Championships don’t follow a script. Sometimes they come from surviving upheaval. Sometimes they come from executing a plan so well that nothing else matters.
The Osceola and St. Petersburg Catholic football teams both won district titles, but the roads couldn’t have been more different. The Warriors patched together a season after losing their coach and quarterback, installing a new offense on the fly and grinding through a 2-3 start. The Barons never wavered, rolling through opponents with a first-year coach and a quarterback who has made winning look effortless.
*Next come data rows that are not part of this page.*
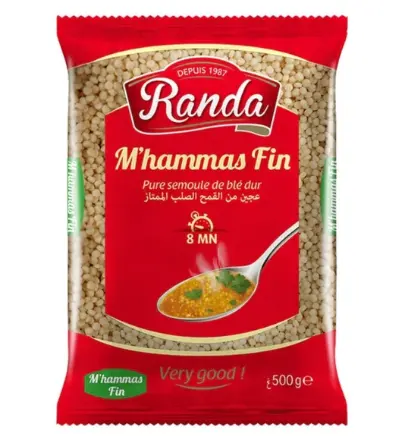 RANDA PATES MHAMMAS FIN 500G
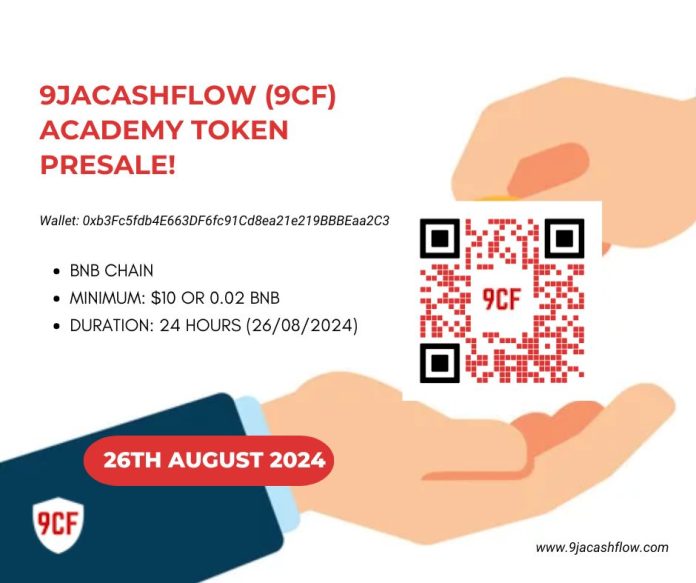 9jacashflow Token Presale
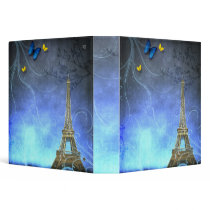 Antique Paris Binder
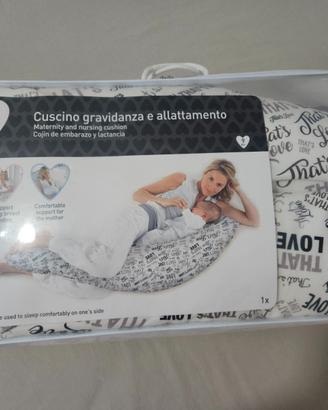 Cuscino gravidanza e allattamento That's Love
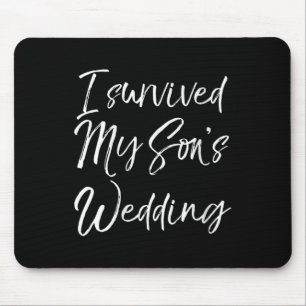 Mousepad Mulher Bonita Presente Para Mães Que Sobrevivi Ao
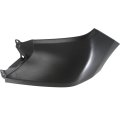 Fender Extension Driver Side Front Headlight Lower Filler For Toyota Tundra 2014 2021 Painted Black Plastic Replacement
One team found a way. The other never had to look for one.
Osceola overcomes chaos to claim district title
The Warriors entered the season as long shots. By the time they hoisted the Class 4A, District 11 trophy, they’d proven chaos doesn’t have to mean collapse.
Osceola lost its quarterback to a transfer this summer and its head coach to another job — on the first day of fall practice. Mike Davis, who coaches flag football, stepped in as interim head coach with no time to prepare.
Without an experienced quarterback, the Warriors scrapped the playbook. They installed a single-wing offense built around their running backs and offensive line.
The gamble didn’t pay off immediately. Osceola struggled through the first five games before finding its footing. Four straight wins followed, including a 28-14 victory over Bradenton Southeast that proved decisive. Both teams finished tied atop the district standings, but the Warriors claimed the title on the tiebreaker.
Brandt Scott carried the load in the backfield, rushing for 899 yards and eight touchdowns so far this season. He ran for 100 yards and three scores in a 26-0 win over St. Petersburg that sealed Osceola’s second district victory.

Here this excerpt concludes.